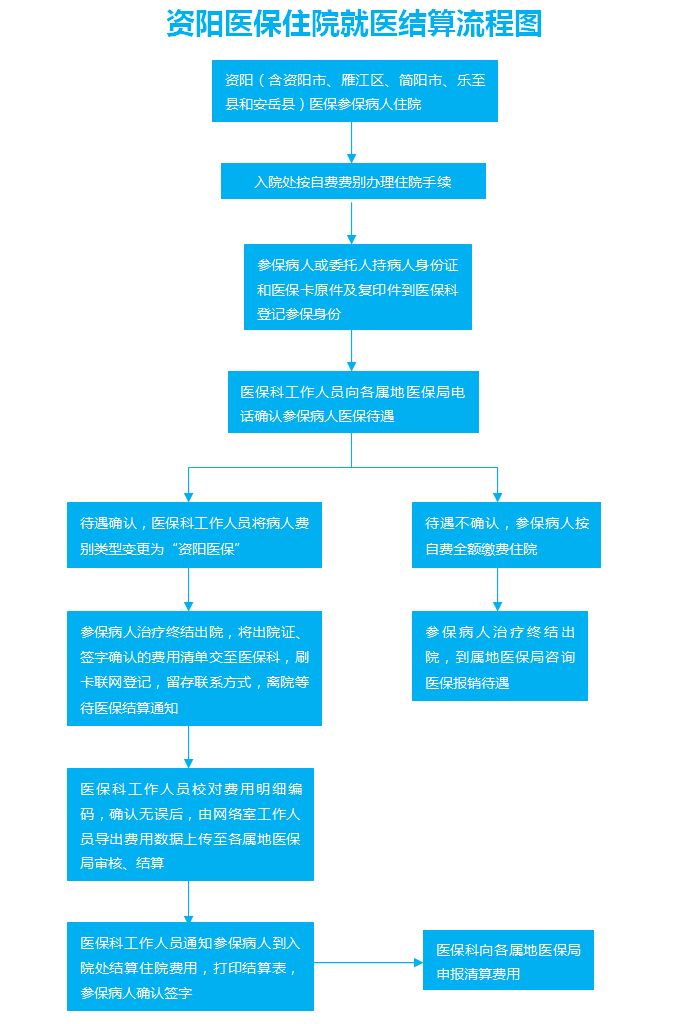 资阳医保住院就医结算流程图 - 成都大学附属医院官方新闻 - 复禾医院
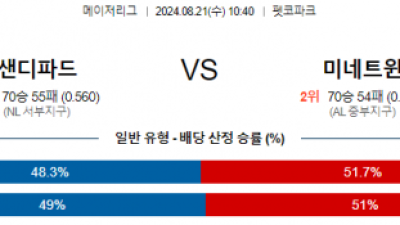 8월21일 10:40 샌디에고 미네소타 MLB프로야구분석 해외스포츠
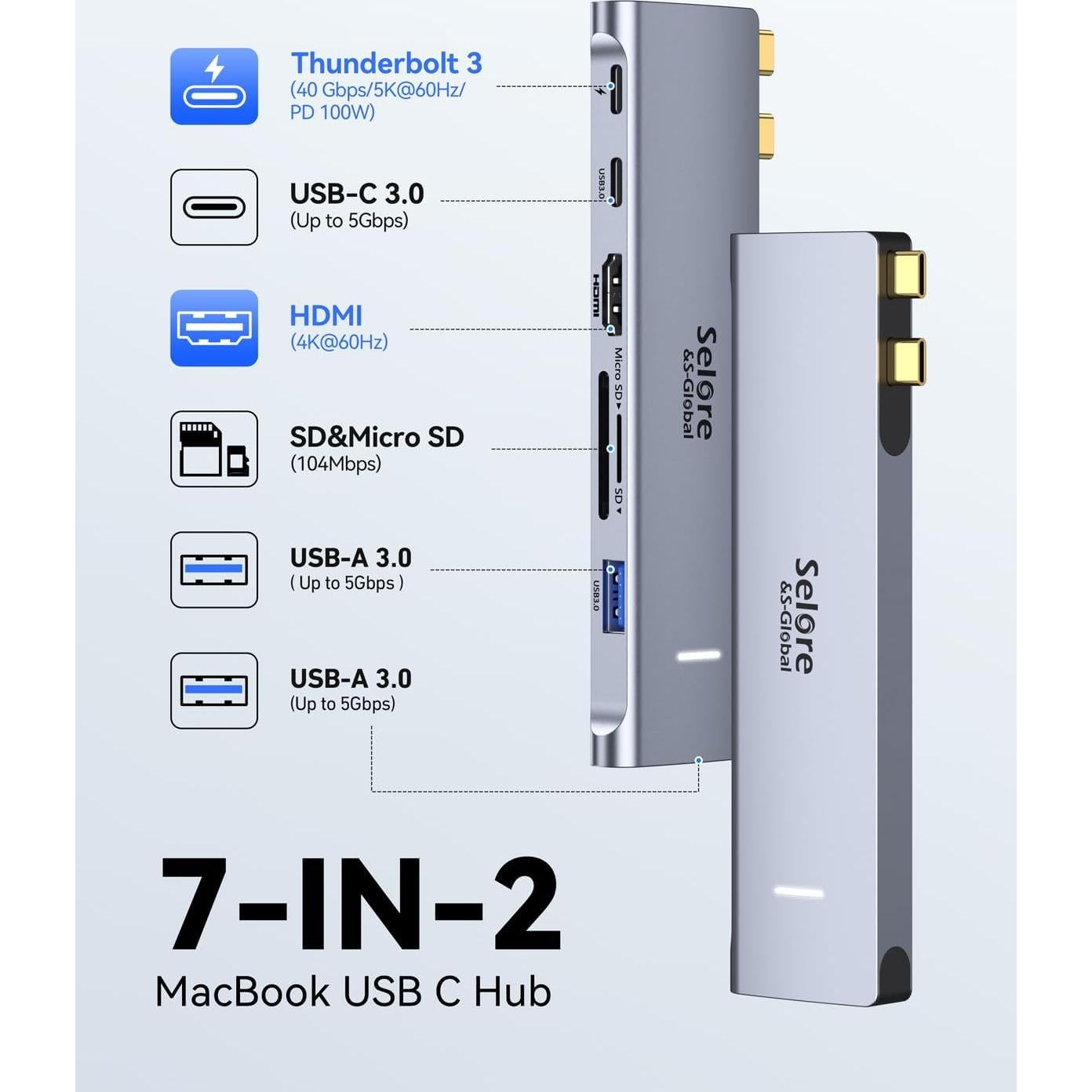 Adaptador USB C Hub HDMI Selore 7-en-2 para MacBook Pro/Air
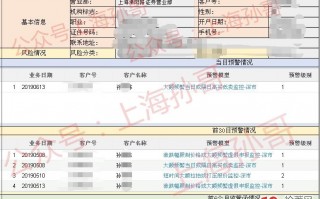 涨停板盘口的秘密：从交易所的游资监管函看大资金如何做盘（图解）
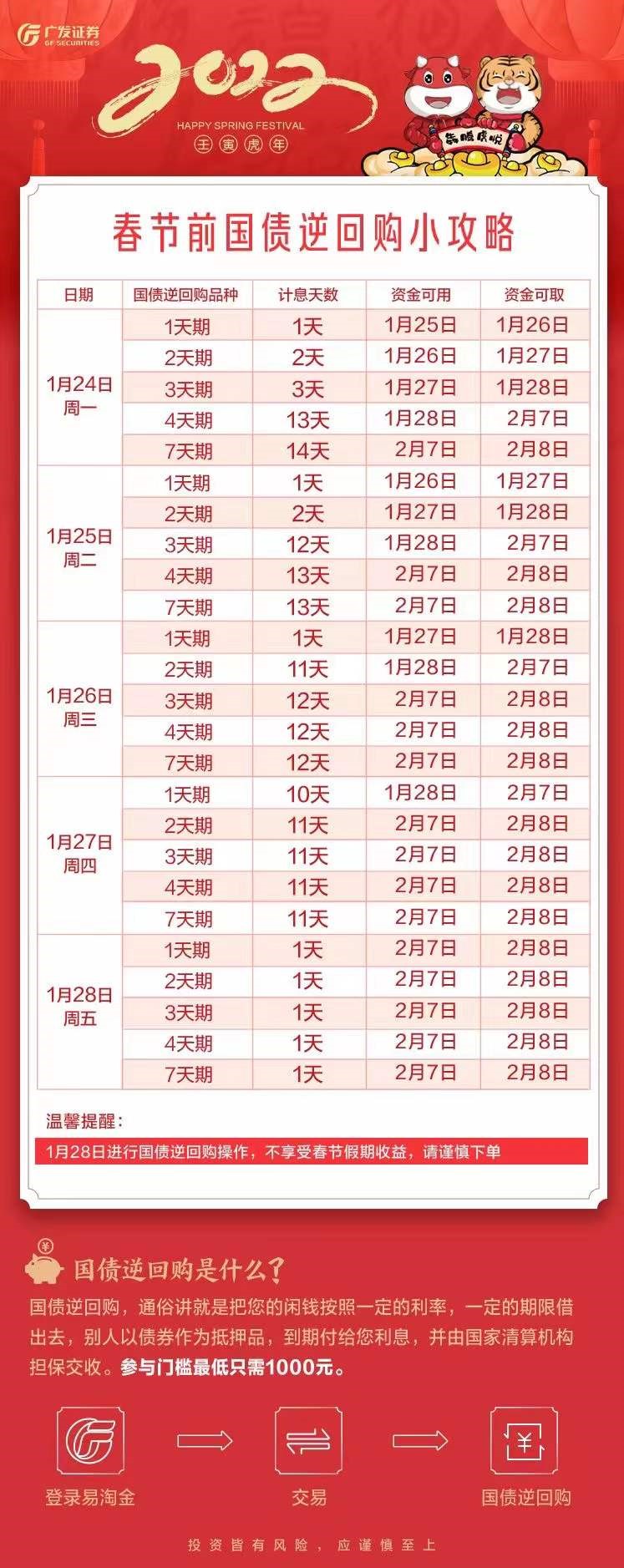 投入1天最多可得14天利息，春节“薅羊毛”的机会来了！这些攻略不可不知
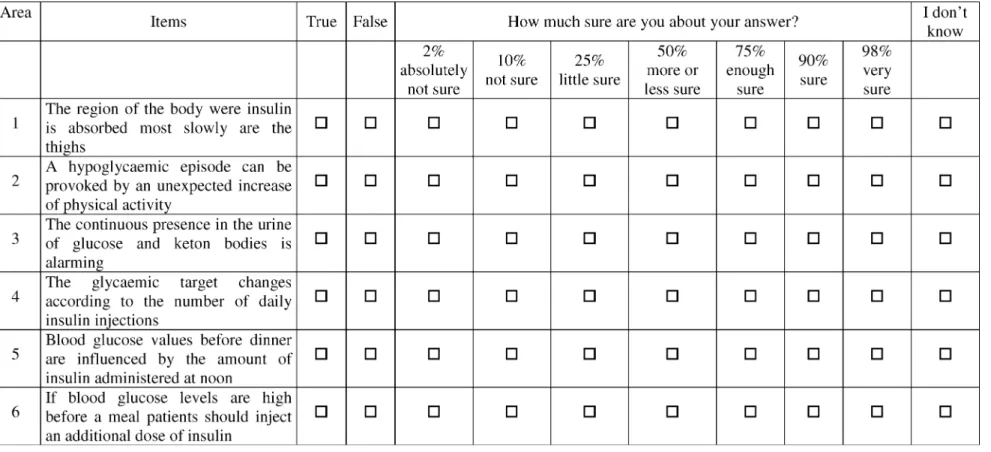 Fig. 1. Example of questions exploring declarative knowledge.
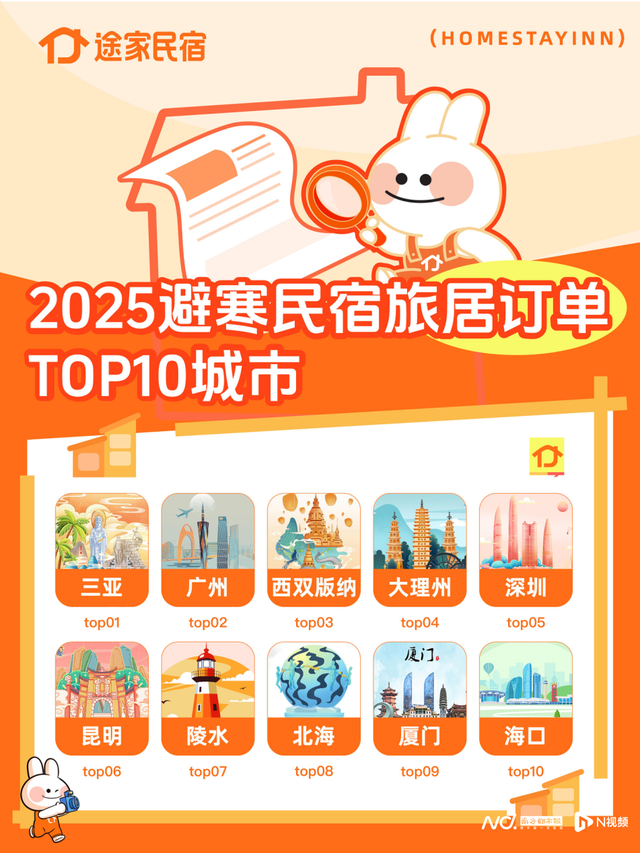 “候鸟”迁徙游：南北双向迁徙！以旅居解锁文旅新体验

* [ASSIGNED TASK]: Could you transcribe every entry above exactly, leaving out the images?

* [TASK RESULT]:
 资阳医保住院就医结算流程图 - 成都大学附属医院官方新闻 - 复禾医院
 8월21일 10:40 샌디에고 미네소타 MLB프로야구분석 해외스포츠
 Adaptador USB C Hub HDMI Selore 7-en-2 para MacBook Pro/Air
 涨停板盘口的秘密：从交易所的游资监管函看大资金如何做盘（图解）
 投入1天最多可得14天利息，春节“薅羊毛”的机会来了！这些攻略不可不知
 Fig. 1. Example of questions exploring declarative knowledge.
 “候鸟”迁徙游：南北双向迁徙！以旅居解锁文旅新体验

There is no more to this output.